The specific problem is I want to get the migration on the default database without it actually applying anything. But, I fear the problem might also show in other apps when I'm actually trying to make a migration (not sure).

One funny thing I notice is that the ID it's trying to create for the django_migrations table is always '2147483647'. So, I wonder why it's sticking in this case - run after run it creates the same ID every time. Maybe there is something I can kick to force it to generate a new one?

Thanks @skyl for brining this up, I will try and investigate a solution for this. This would need sometime as the issue spans across 2 dbs working together, I will get back once I have some update.

Any update on this guys? It doesn't leave too many options for the users if an import of django_spanner monkey-patches the AutoField. We're having to resort to keeping a forked copy - it becomes a challenge during upgrades/patches, etc.
Why not make django spanner based models to explicitly define an autofield that's also available as a built-in - or implicitly use this custom autofield for spanner based models without the user ever knowing?

@asthamohta, the original code author left us long ago, so we're on our own here.

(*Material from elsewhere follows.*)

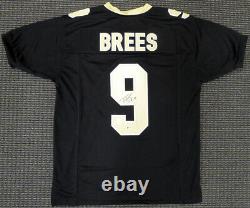 New Orleans Saints Drew Brees Autographed Signed Black Jersey Beckett 146373
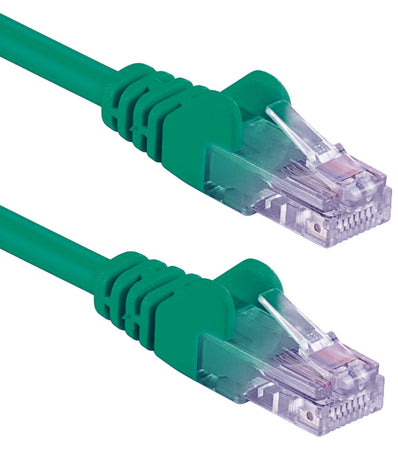 Cavo di rete Patch CCA Cat. 5e Verde UTP 0,5 mt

Long story short: every table in Spanner requires a primary key (in a table without a PK there can be only one row). Still, Spanner doesn't provide an autoincrement mechanism for integer ids (the most common type of ids). Django, from its side, adds an autoincremented id field into every new table (and, as Spanner doesn't support autoincrement, it doesn't work).

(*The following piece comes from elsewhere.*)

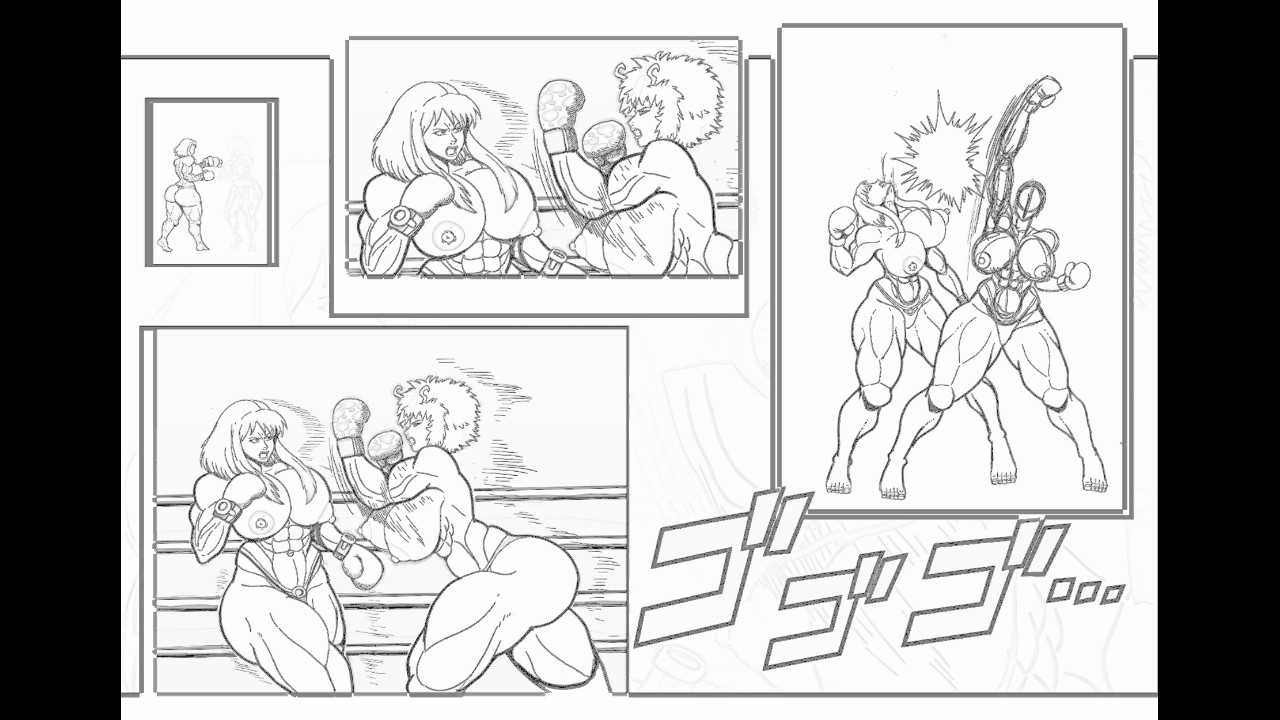 私のヒーローボクシングガールズ…トップレスボクシング！ 画像7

What the original code author tried to do was to generate a key for every new row and do it under the hood. First it was done for new rows, next for the whole AutoField type. As users noticed, it's a pretty rough solution, which create problems and misunderstandings in a bunch of cases.

I think the best way to solve the problem is to let users to control ids. We did this in SQLAlchemy and so far didn't get any troubles:
https://github.com/googleapis/python-spanner-sqlalchemy#autoincremented-ids

At this point Spanner and Django don't fit each other, so I suppose it's better to let users deal with ids manually instead of creating unexpected under-the-hood fads (which are also creating performance problems).

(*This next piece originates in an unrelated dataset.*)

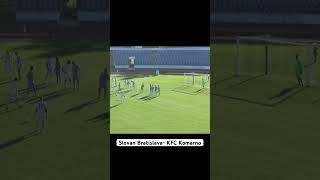 Slovan Bratislava  KFC Komarno football футбол soccer footballskills soccer futbol [upl. by Adahsar]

P.S. we can probably think of something like a prepared class with a basic UUID generation function. So that users could import it and add into their table, not writing it by themselves. Need to investigate if it can be done with a single class for both SQLAlchemy and Django APIs.

@IlyaFaer : I think the best way to solve the problem is to let users to control ids. We did this in SQLAlchemy and so far didn't get any troubles: [link](https://github.com/googleapis/python-spanner-sqlalchemy#autoincremented-ids)

Would this be a breaking change, given django-spanner is already GA? If so, we will need to make the change backward compatible, so that users who have built applications for a single database (Spanner) are not inconvenienced.

Would varying the Django AutoField based on the ENGINE be feasible?

For now, I think, it's the only possible solution (in case we don't want to inflict breaking changes). Looks like we can use the global configurations object inside the AutoField class to use the generation function only for Spanner. 'Cause, yes, using a generation function for all the databases under the hood can be pretty confusing. Will try the solution at the same case and will push, if it's working fine.

@skyl, does this fix work for you?
https://github.com/googleapis/python-spanner-django/pull/771/files

We've got an error which should be fixed on Django side, so it may take some time before we'll be able to test the fix completely. But it's there, maybe it's already enough to fix your problem locally?

skyl commented

@skyl, does this fix work for you? https://github.com/googleapis/python-spanner-django/pull/771/files

We've got an error which should be fixed on Django side, so it may take some time before we'll be able to test the fix completely. But it's there, maybe it's already enough to fix your problem locally?

I'll need to dust off the code that was trying to use spanner but it looks good to me; I'll see if I can try it in the next couple of weeks.